Emmanuel Macron a déclaré lundi vouloir «réparer» le lien entre l'Église et l’État qui «s'est abîmé», dans un discours fleuve devant la Conférence des évêques, appelant les catholiques à «ne pas rester au seuil» de l'engagement politique.
Pour rétablir cette relation, «il n'est pas d'autre moyen qu'un dialogue en vérité», a précisé le président devant 400 invités réunis en début de soirée dans la grande nef cistercienne du collège des Bernardins à Paris. Pour Emmanuel Macron, ce «dialogue est indispensable» car «une Église prétendant se désintéresser des questions temporelles n'irait pas au bout de sa vocation», tandis «qu'un président de la République prétendant se désintéresser de l'Église et des catholiques manquerait à son devoir».
Ce discours d'Emmanuel Macron, qui a marqué à plusieurs reprises son intérêt pour les questions religieuses, est inédit car c'est la première fois que l’Église catholique organise un tel événement médiatico-politique, comparé par certains observateurs au dîner du Crif (Conseil représentatif des institutions juives de France). L'épiscopat, prudent avec cet exercice qui n'a «pas nécessairement vocation à être renouvelé annuellement», a prolongé les discours par un simple cocktail.
«Dans ce moment de grande fragilité sociale, quand l’étoffe même de la nation risque de se déchirer, je considère de ma responsabilité de ne pas laisser s’éroder la confiance des catholiques à l’égard de la politique - et des politiques», a ajouté le chef de l’État, accompagné de son épouse Brigitte et du ministre de l'Intérieur Gérard Collomb.
«Pour des raisons à la fois biographiques, personnelles et intellectuelles, je me fais une plus haute idée des catholiques. Et il ne me semble ni sain ni bon que le politique se soit ingénié avec autant de détermination soit à les instrumentaliser soit à les ignorer», a expliqué le président.
Il en a profité pour rendre un hommage vibrant aux divers engagements républicains et spirituels du colonel Arnaud Beltrame, tué le 23 mars par un jihadiste dans l'Aude. «Lorsque l'épreuve commande de rassembler toutes les ressources qu'on a en soi au service de la France, la part du citoyen et la part du catholique brûlent, chez le croyant véritable, d’une même flamme», a-t-il relevé.
Le président a également défendu son «humanisme réaliste» pour justifier la politique migratoire du gouvernement, objet de critiques de la part d'associations catholiques. Avant lui, le président de la Conférence des évêques de France, Mgr Georges Pontier, a appelé à prendre en compte les «besoins des plus pauvres» pour «bâtir une nation fraternelle, juste et solidaire».
Alors que des états généraux de la bioéthique ont été ouverts en vue d'une révision législative, Mgr Pontier a redit l'opposition de l'épiscopat à l'élargissement à toutes les femmes de la PMA (procréation médicalement assistée), qui «ouvrirait un grand risque de marchandisation du corps». Il a aussi réaffirmé, sur la fin de vie, son refus d'une légalisation de l'euthanasie et du suicide assisté.
En réponse, Emmanuel Macron a souligné que la République «attend très précisément» que les catholiques lui fassent «trois dons: le don de votre sagesse, le don de votre engagement, le don de votre liberté». «L’Eglise n’est pas à mes yeux cette instance que trop souvent on caricature en gardienne des bonnes mœurs.

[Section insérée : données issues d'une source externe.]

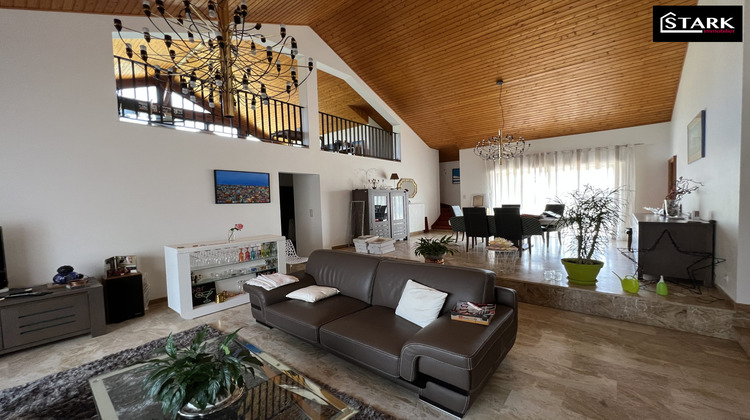 Ma-Cabane - Vente Maison Sermamagny, 272 m²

Elle est cette source d'incertitude qui parcourt toute vie et qui fait du dialogue, de la question, de la quête, le cœur même du sens, même parmi ceux qui ne croient pas», a souligné le chef de l'Etat.
Pour lui, «ce ne sont pas les racines» chrétiennes «qui importent», «c'est la sève. Et je suis convaincu que la sève catholique doit contribuer encore et toujours à faire vivre notre Nation», a-t-il insisté, applaudi debout à la fin de son discours.
Parmi les 400 personnes invitées figuraient des élus, des chefs d'entreprise, des responsables associatifs mais aussi des personnes âgées, handicapées, précaires et leurs accompagnateurs, dont plusieurs ont témoigné de manière émouvante. On compte en France quelque 40 millions de baptisés mais à peine 2% des Français vont à la messe chaque dimanche.